Компетентная модель гепатоцитов, исследующая проникновение вируса гепатита В через таурохолат натрия, котранспортирующий полипептид в качестве терапевтической мишени

Этот протокол предназначен для проверки того, ингибирует ли потенциальное соединение против HBV проникновение вируса, особенно путем блокирования связывания NTCP. Этот метод предназначен для изучения того, может ли вход HBV или начальная стадия инфекции быть прерваны любым соединением-кандидатом. Продемонстрировать процедуру будет Пиянут Тхонгсри, студент PSP из моей лаборатории.

Чтобы начать измерение таурохолата натрия, котрансферирующего полипептида, или NTCP, инкубируют зрелые гепатоциты восьмимиллионной или более этилендиаминететрауксусной кислотой или ЭДТА в течение 15 минут. Соберите клеточные гранулы и зафиксируйте гепатоциты, добавив 300 микролитров 3,7% параформальдегида в PBS в течение 15 минут. Затем переложите клеточную суспензию в 1,5-миллилитровую микроцентрифужную трубку, чтобы центрифугировать их при 300 G и 25 градусах Цельсия в течение 10 минут.

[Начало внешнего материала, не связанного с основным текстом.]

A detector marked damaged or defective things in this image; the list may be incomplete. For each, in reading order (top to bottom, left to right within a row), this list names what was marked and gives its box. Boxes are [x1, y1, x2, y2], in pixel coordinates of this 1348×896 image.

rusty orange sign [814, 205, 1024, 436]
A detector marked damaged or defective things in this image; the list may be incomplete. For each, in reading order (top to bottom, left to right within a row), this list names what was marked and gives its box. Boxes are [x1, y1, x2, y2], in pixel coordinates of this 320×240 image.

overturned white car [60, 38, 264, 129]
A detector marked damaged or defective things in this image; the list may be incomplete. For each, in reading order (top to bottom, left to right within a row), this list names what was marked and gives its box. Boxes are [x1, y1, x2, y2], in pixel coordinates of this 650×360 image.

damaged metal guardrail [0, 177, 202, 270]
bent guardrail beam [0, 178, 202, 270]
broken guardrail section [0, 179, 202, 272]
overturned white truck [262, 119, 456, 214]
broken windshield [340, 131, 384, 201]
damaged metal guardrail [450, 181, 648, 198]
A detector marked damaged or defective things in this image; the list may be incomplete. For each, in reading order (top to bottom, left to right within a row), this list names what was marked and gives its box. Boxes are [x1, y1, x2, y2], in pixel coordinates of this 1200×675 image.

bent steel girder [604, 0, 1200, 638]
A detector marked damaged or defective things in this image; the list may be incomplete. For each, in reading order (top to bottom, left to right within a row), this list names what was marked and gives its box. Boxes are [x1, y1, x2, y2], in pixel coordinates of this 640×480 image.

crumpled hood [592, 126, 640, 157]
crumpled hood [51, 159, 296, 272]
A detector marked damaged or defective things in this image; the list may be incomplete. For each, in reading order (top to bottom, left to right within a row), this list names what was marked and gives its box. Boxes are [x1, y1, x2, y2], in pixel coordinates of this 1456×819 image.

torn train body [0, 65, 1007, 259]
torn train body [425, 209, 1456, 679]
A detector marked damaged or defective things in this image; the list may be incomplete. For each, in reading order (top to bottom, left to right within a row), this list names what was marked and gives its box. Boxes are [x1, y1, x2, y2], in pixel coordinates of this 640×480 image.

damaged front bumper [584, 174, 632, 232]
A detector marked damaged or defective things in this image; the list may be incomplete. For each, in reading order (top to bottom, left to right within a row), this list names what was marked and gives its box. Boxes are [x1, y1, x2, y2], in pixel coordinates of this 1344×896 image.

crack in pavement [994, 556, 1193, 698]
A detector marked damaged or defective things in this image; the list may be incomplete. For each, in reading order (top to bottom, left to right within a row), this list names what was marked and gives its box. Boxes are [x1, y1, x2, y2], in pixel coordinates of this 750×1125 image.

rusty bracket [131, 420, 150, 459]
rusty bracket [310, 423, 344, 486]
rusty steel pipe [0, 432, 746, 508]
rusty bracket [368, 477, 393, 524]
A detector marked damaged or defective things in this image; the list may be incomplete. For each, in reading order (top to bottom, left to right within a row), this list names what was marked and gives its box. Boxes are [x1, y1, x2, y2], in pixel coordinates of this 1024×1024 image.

Промыть клетки дважды, используя 700 микролитров PBS, содержащих 1% фетальной бычьей сыворотки или FBS в центрифуге в течение 10 минут, как описано ранее. Затем пронизывают клетки 300 микролитрами 0,05% Тритона Х 100 в PBS при комнатной температуре в течение 20 минут. После центрифугирования дают три промывки по одной минуте каждая, используя 700 микролитров PBS, содержащих 1% FBS.

Инкубируют клетки в течение 30 минут при четырех градусах Цельсия с первичным антителом против NTCP в соотношении один к 100, после чего следуют три промывки с буфером промывки завивки и центрифугирование. Окрашивают клетки вторичным антителом, конъюгированным с Alexa Fluor 488 в течение 30 минут при четырех градусах Цельсия и повторяют три промывки промывочного буфера завивки по одной минуте каждая. После центрифугирования при 300 Г повторно суспендируют ячейку гранулы 200 микролитрами PBS, содержащими 1% FBS.

В программном обеспечении выберите параметры измерения для проточного цитометрического анализа, включая FSC, SSC, FITC или PE. Установите автоматическую настройку компенсации и включите элементы управления компенсацией, как описано в рукописи. Затем запустите незапятнанный образец со средней скоростью потока жидкости 60 микролитров в минуту. Отрегулируйте порог прямого рассеяния и бокового рассеяния до тех пор, пока они не охватят интересующую популяцию клеток.

Отметьте область ворот в этой области и примените ко всем элементам компенсационного контроля. Установите трубку множителя фотографий или флуоресценцию PMT с помощью незапятнанного элемента управления и отрегулируйте напряжение PMT FITC или PE в отрицательном квадранте. Запустите положительный окрашенный образец и отрегулируйте FITC или PE по шкале положительного квадранта.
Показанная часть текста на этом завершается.